In addition to circuit breakers and fuses, the wiring harness incorporates fusible links to protect the wiring. Links are used rather than a fuse, in wiring circuits that are not normally fused, such as the ignition circuit. Isuzu fusible links are color coded and load circuits to match the color coding of the circuits they protect. Each link is four gauges smaller than the cable it protects, and is marked on the insulation with the gauge size because the insulation makes it appear heavier than it really is. The engine compartment wiring harness has several fusible links. The same size wire with a special hypalon insulation must be used when replacing a fusible link.
On early models the links are located in the at the starter solenoid or near the main battery terminal. Later models have a fuse link compartment on the fenderwell under the hood. Many later models use MAX fuses instead of the old style fusible links. A MAX fuse is really a fusible link in a cartridge which looks like a fuse (but with a very high ampere rating). The MAX fuses are usually found near the battery or main relay case.
See Figures 1, 2, 3, 4, 5 and 6
Plug in fusible link or MAX fuses simply plug into the fuse link box or the relay center. Some models may use short fusible links with spade connectors on each end. The spade connector type simply unplug also. Care must be taken on the wire design to replace them with the same ampere rating fuse link or fire could result.Wire Type Fusible Links
- Determine which circuit is damaged, its location and the cause of the open fuse link. If the damaged fuse link is one of three fed by a common No. 10 or 12 gauge feed wire, determine the specific affected circuit.
- Disconnect the negative battery cable.
- Cut the damaged fuse link from the wiring harness and discard it. If the fuse link is one of three circuits fed by a single feed wire, cut it out of the harness at each splice end and discard it.
- Identify and procure the proper fuse link and butt connectors for attaching the fuse link to the harness.
To repair any fuse link in a 3-link group with one feed:
- After cutting the open link out of the harness, cut each of the remaining undamaged fuse links close to the feed wire weld.
- Strip approximately 1 / 2 in. (13mm) of insulation from the detached ends of the two good fuse links, Then insert two wire ends into one end of a butt connector and carefully push one stripped end of the replacement fuse link into the same end of the butt connector and crimp all three firmly together.

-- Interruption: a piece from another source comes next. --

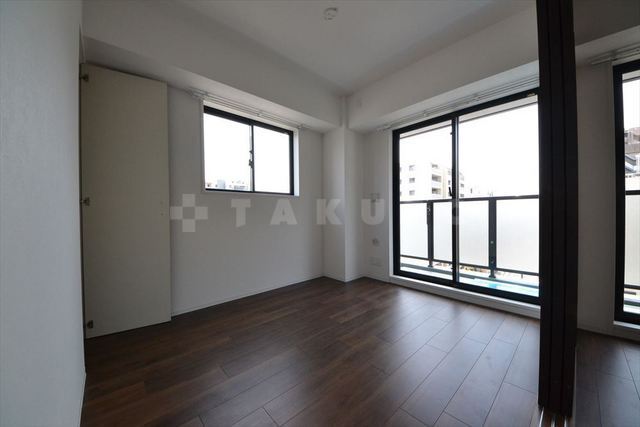 ����11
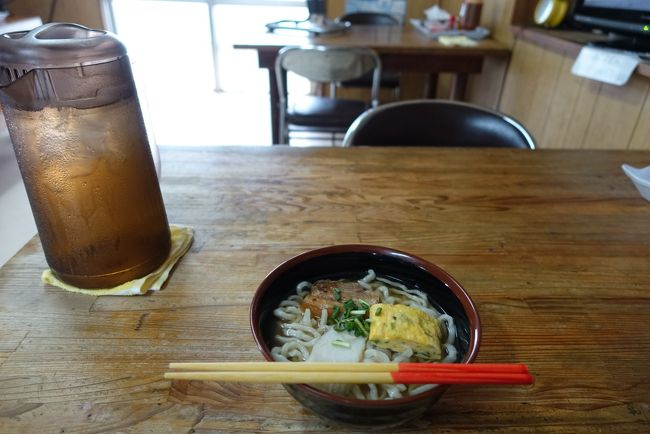 南大東島の二日目は原付きをレンタルして島を巡りました。<br />原付きを借りる受付は電気屋さんでしました、となりに同じ名前で自動修理の店等、他ありましたので色々と商売をされてるのでしょう。<br />後は、ガイドに載ってる場所を転々と見てまわりました。<br />離島はどこもそうで眺める海はきれいな紺碧色でした。<br />天気があまりよくなかったのでぼんやりと北大東島も見えました。 <br />お昼ご飯は、せっかくなので大東そばをいただくことに。<br />宿泊先の前にあるお店へ。麺の感じは赤いキツネの感触でした。 美味しかったです。 ちょうどお昼時で、島で働いてる方々が続々とお見せへ入ってきて思い思いの昼食を頼んでました、人気のお店なんでしょうね。<br />後、驚いたのがパチスロ専門店があった事です。<br /><br /><br />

Care must be taken when fitting the three fuse links into the butt connector as the internal diameter is a snug fit for three wires. Make sure to use a proper crimping tool. Pliers, side cutter, etc. will not apply the proper crimp to retain the wires and withstand a pull test.
- To replace any fuse link on a single circuit in a harness, cut out the damaged portion, strip approximately 1 / 2 in. (13mm) of insulation from the two wire ends and attach the appropriate replacement fuse link to the stripped wire ends with two proper size butt connectors. Solder the connectors and wires and insulate with tape.
- To repair any fuse link which has an eyelet terminal on one end such as the charging circuit, cut off the open fuse link behind the weld, strip approximately 1 / 2 in. (13mm) of insulation from the cut end and attach the appropriate new eyelet fuse link to the cut stripped wire with an appropriate size butt connector. Solder the connectors and wires at the repair and insulate with tape.
- Connect the negative battery cable to the battery and test the system for proper operation.
Do not mistake a resistor wire for a fuse link. The resistor wire is generally longer and has print stating, Resistor-don't cut or splice''.
When attaching a single No. 16, 17, 18 or 20 gauge fuse link to a heavy gauge wire, always double the stripped wire end of the fuse link before inserting and crimping it into the butt connector for positive wire retention.